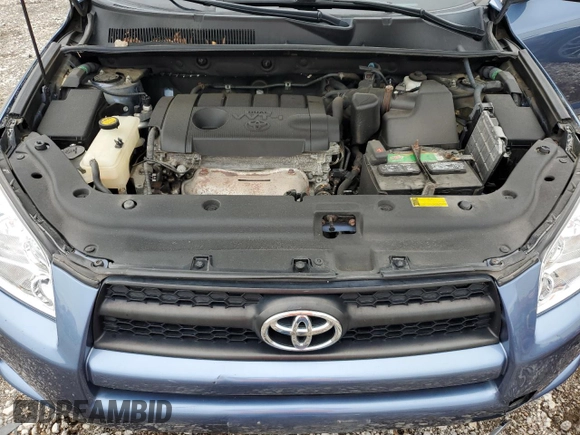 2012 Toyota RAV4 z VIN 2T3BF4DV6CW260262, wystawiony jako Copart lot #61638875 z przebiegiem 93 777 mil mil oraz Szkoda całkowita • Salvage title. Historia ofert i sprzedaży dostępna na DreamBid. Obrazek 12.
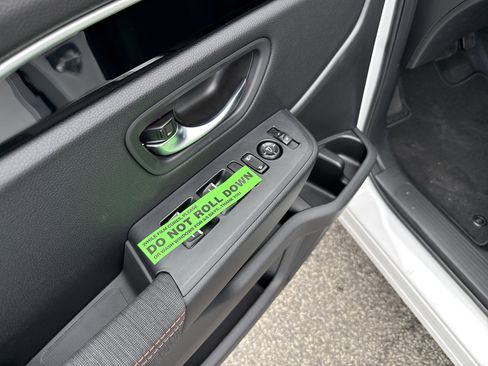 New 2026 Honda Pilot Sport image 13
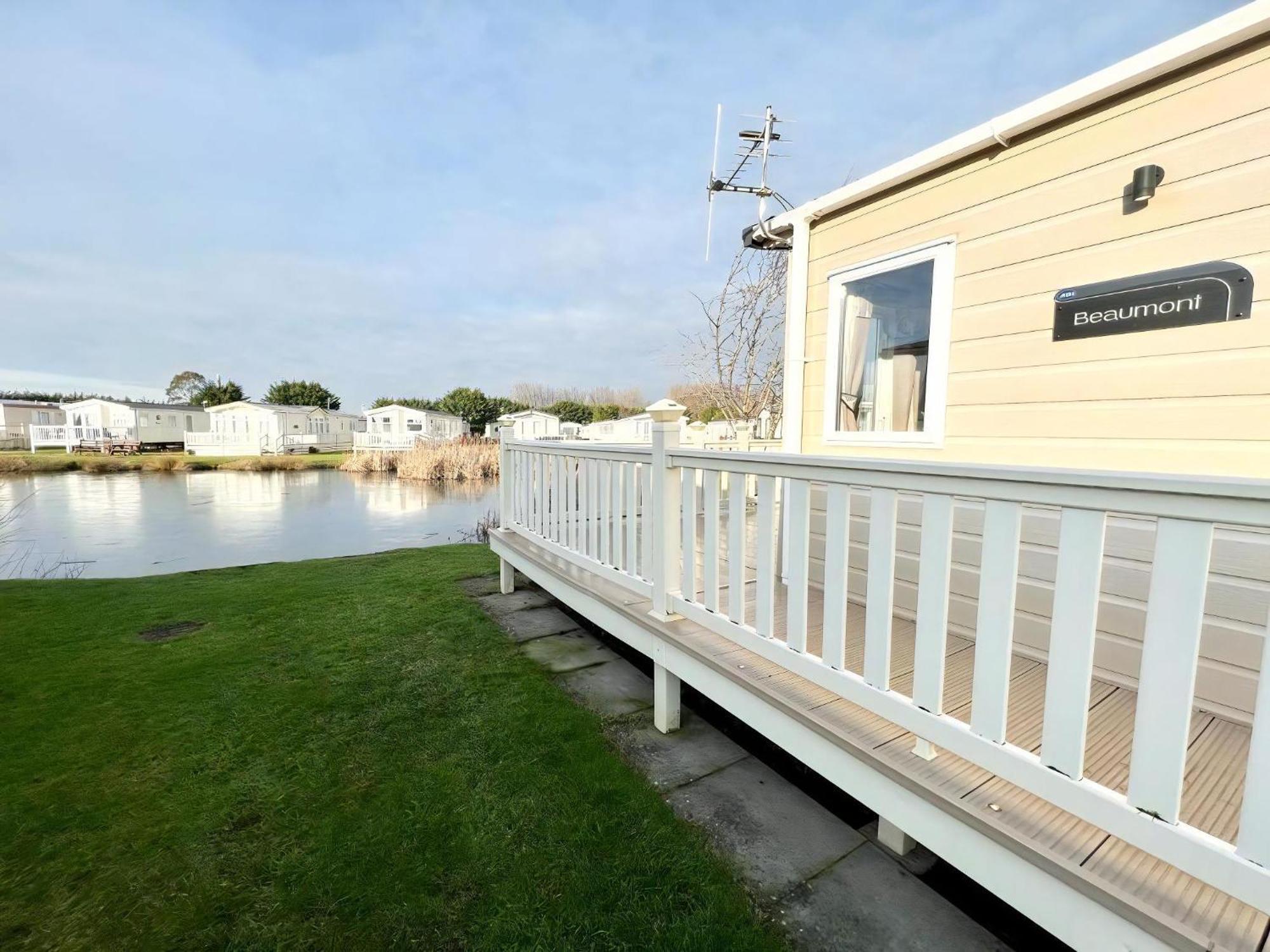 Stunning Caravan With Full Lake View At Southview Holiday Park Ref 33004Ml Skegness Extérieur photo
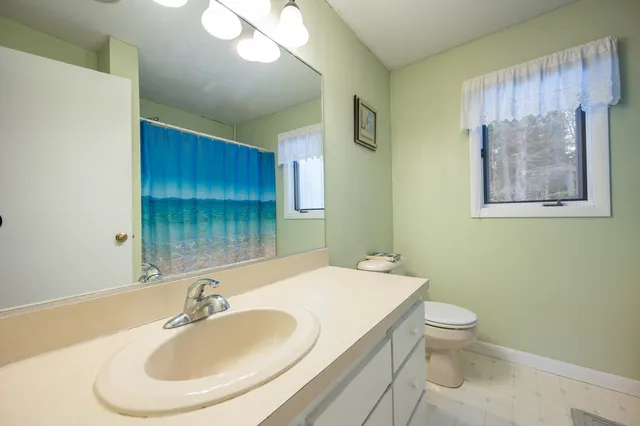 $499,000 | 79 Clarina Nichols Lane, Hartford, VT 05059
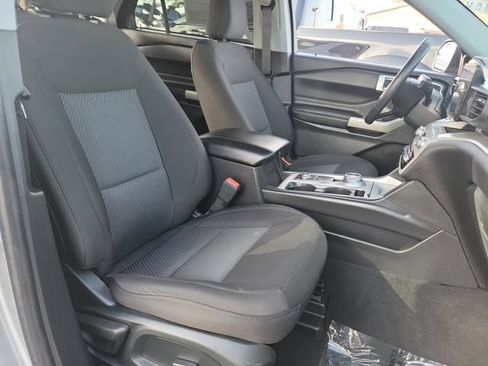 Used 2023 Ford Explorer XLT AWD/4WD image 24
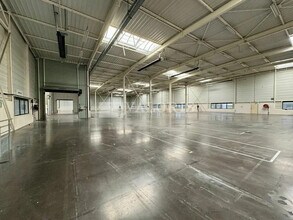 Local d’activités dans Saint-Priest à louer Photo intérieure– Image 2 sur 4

...

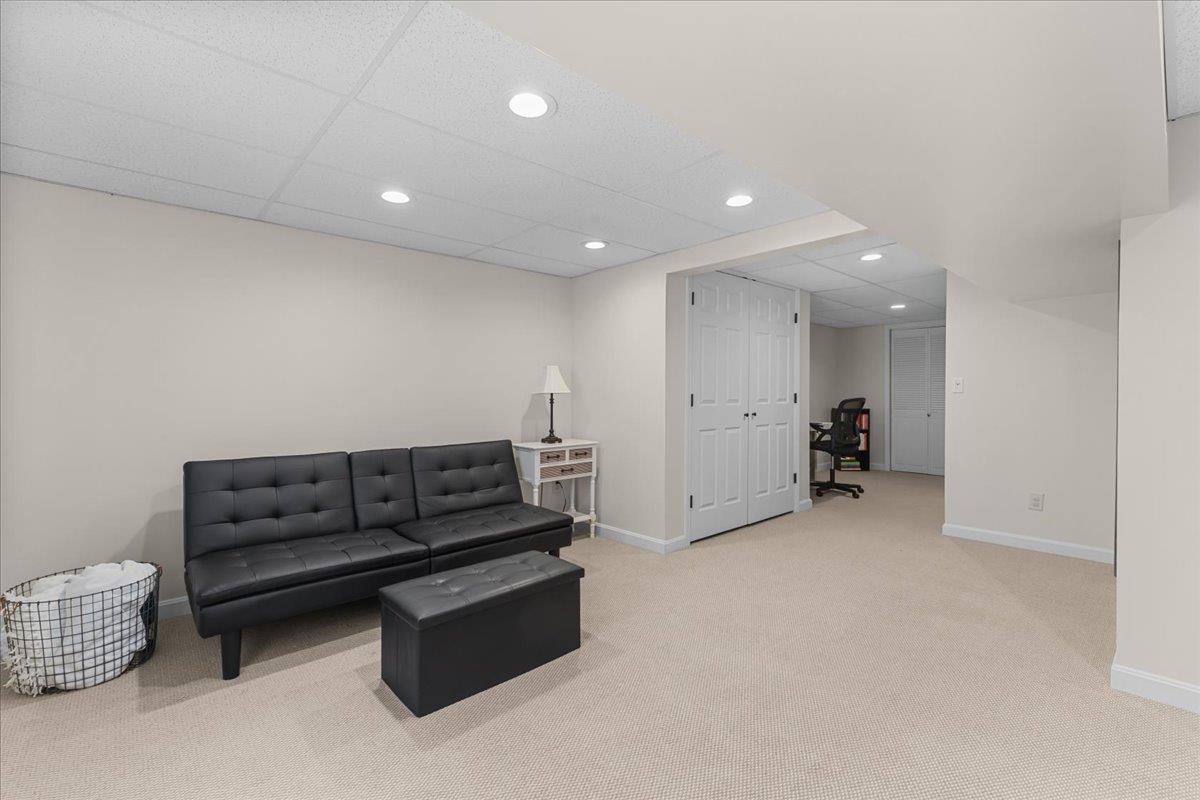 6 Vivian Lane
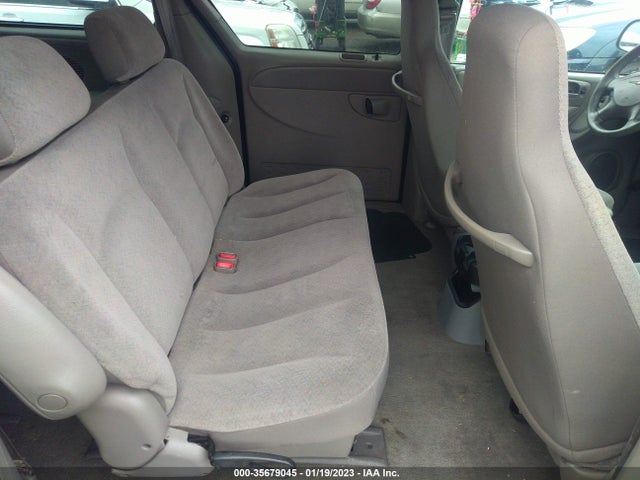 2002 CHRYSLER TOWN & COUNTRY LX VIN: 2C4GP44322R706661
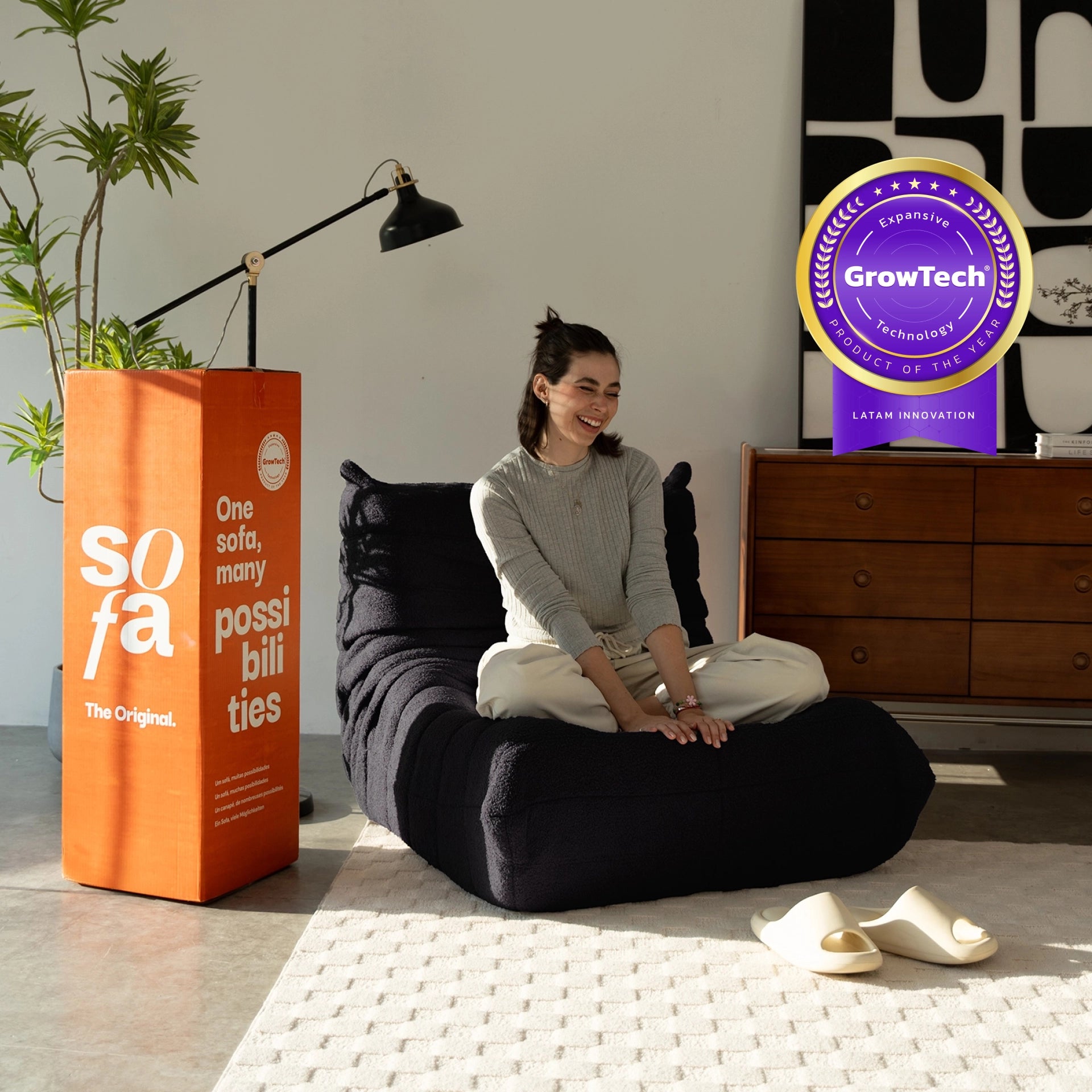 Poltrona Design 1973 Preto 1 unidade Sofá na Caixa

§ **Your goal**
Look above for the line containing "2002 CHRYSLER TOWN", then copy exactly from it through the line containing "Poltrona Design 1973", keeping both and leaving out pictures. Add nothing else.

§ **Answer for this exercise**
 2002 CHRYSLER TOWN & COUNTRY LX VIN: 2C4GP44322R706661
 Poltrona Design 1973 Preto 1 unidade Sofá na Caixa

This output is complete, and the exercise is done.